Assigned task: Up to and including the line that contains "Vintage Woolrich Fleece", write out every line of the entries exactly, beginning with the first. Omit the pictures.

(Image-text web data)
Start of Block

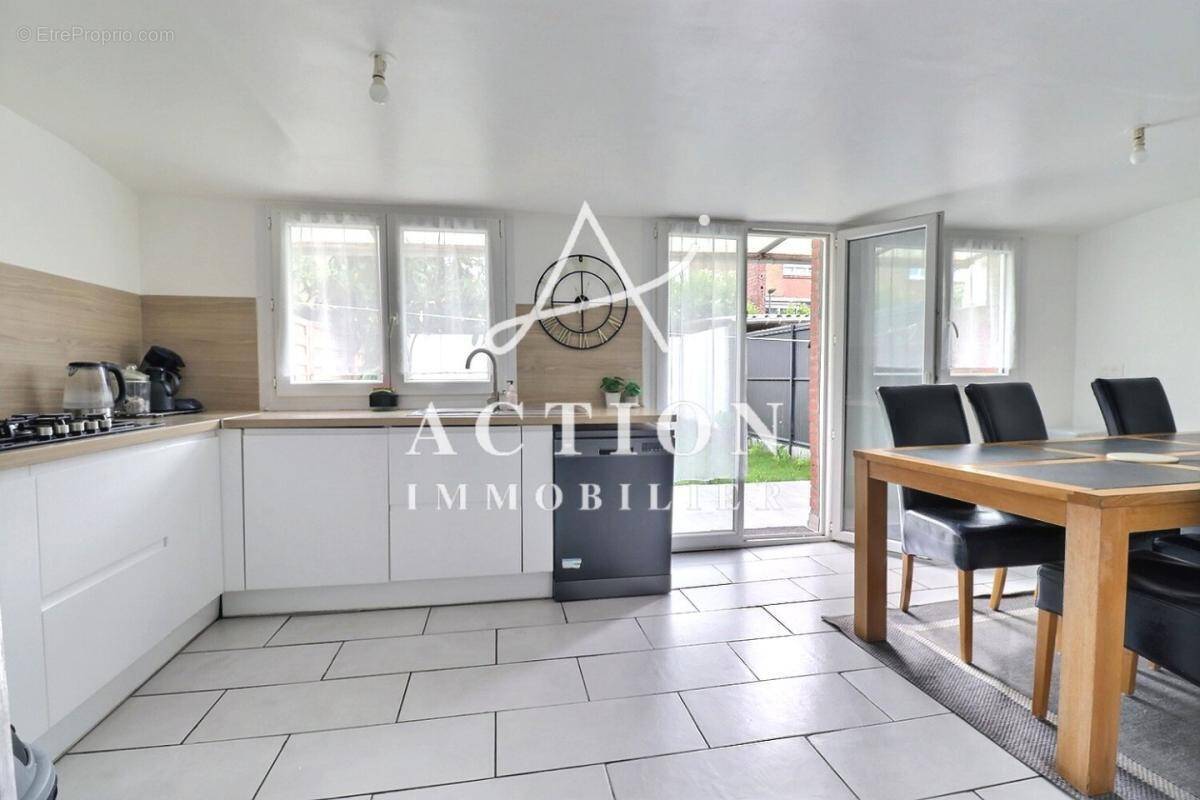 Appartement à VILLENEUVE-D'ASCQ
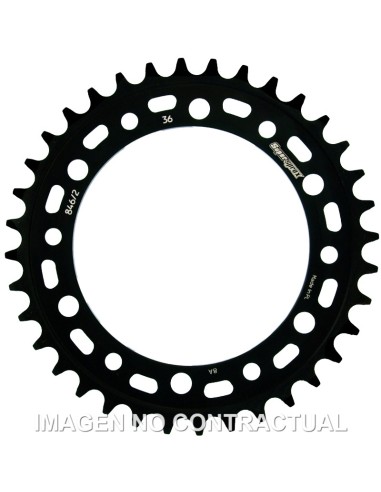 CORONA SUPERSPROX ACERO HONDA 520 X 36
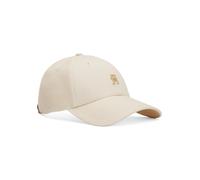 Tommy Hilfiger Berretto da baseball Tommy Hilfiger in twill con Monogram. one Marrone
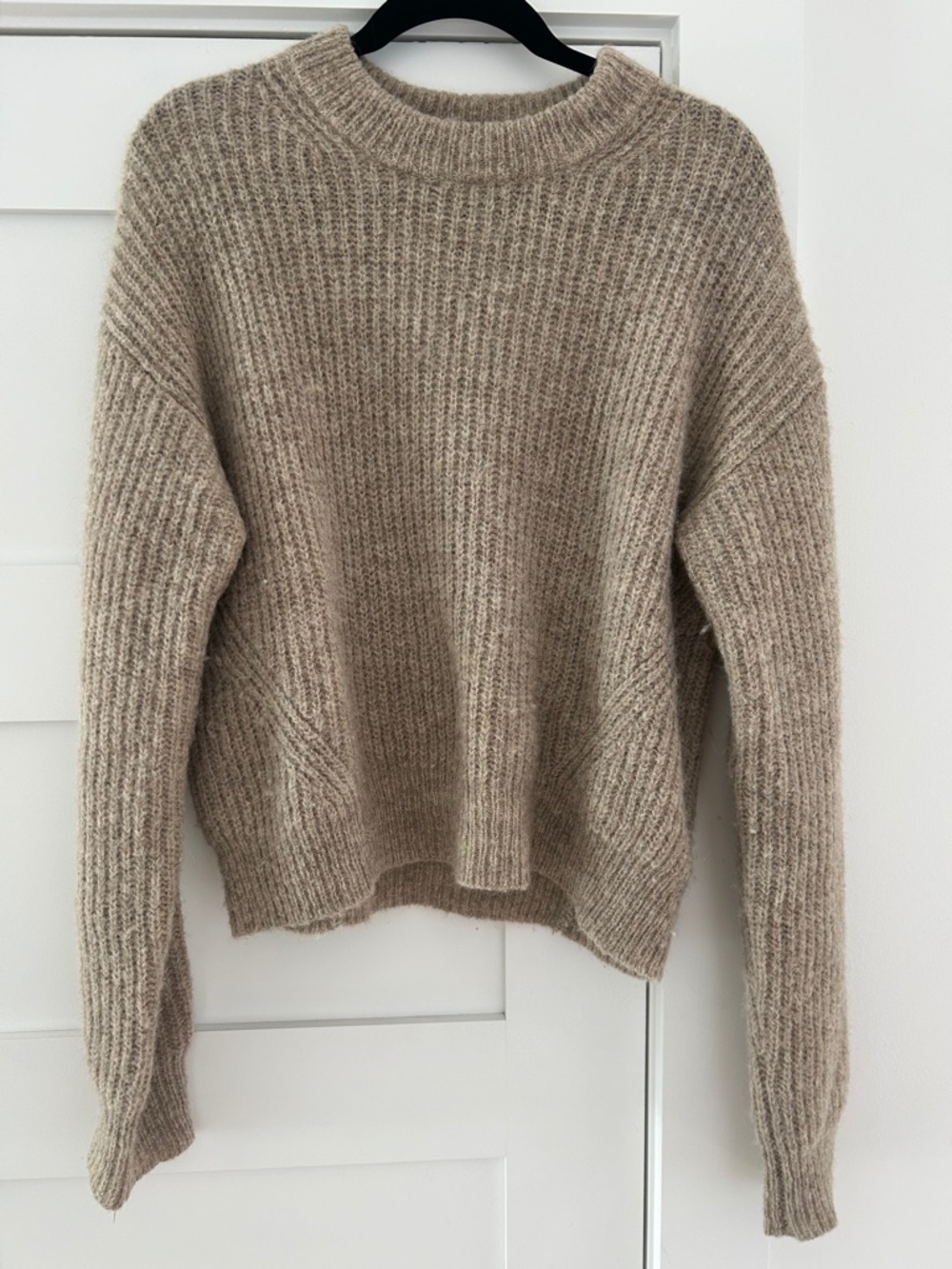 Two Reformation Alpaca Sweaters, Size Small - Picture 4 of 5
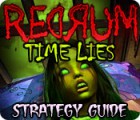 Download free flash game Redrum: Time Lies Strategy Guide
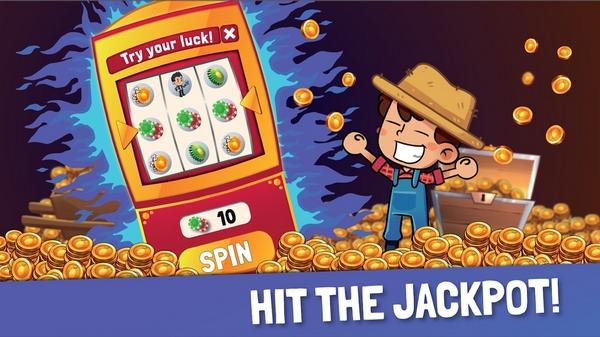 空闲柠檬水大亨帝国 安卓版v2.0.18截图0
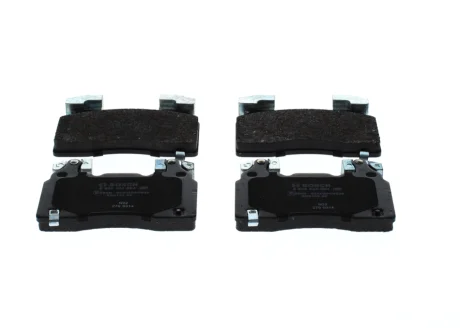Комплект гальмівних колодок BOSCH 0986424894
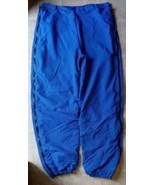 Vintage Woolrich Fleece Line Snow Ski Pants Made In USA Med. Adjustable ... - $78.95 CAD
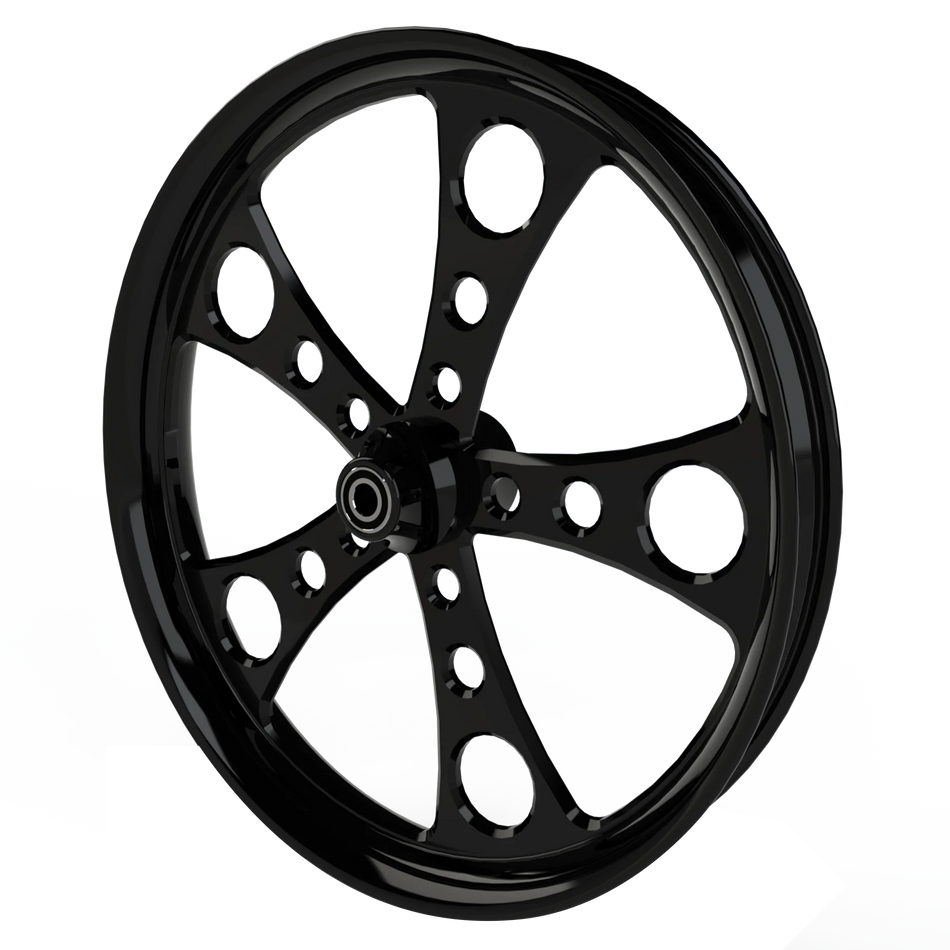 SMT SIMPLY SINISTER MOTORCYCLE WHEEL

End of Block

Exercise result:
 Appartement à VILLENEUVE-D'ASCQ
 CORONA SUPERSPROX ACERO HONDA 520 X 36
 Tommy Hilfiger Berretto da baseball Tommy Hilfiger in twill con Monogram. one Marrone
 Two Reformation Alpaca Sweaters, Size Small - Picture 4 of 5
 Download free flash game Redrum: Time Lies Strategy Guide
 空闲柠檬水大亨帝国 安卓版v2.0.18截图0
Комплект гальмівних колодок BOSCH 0986424894
 Vintage Woolrich Fleece Line Snow Ski Pants Made In USA Med. Adjustable ... - $78.95 CAD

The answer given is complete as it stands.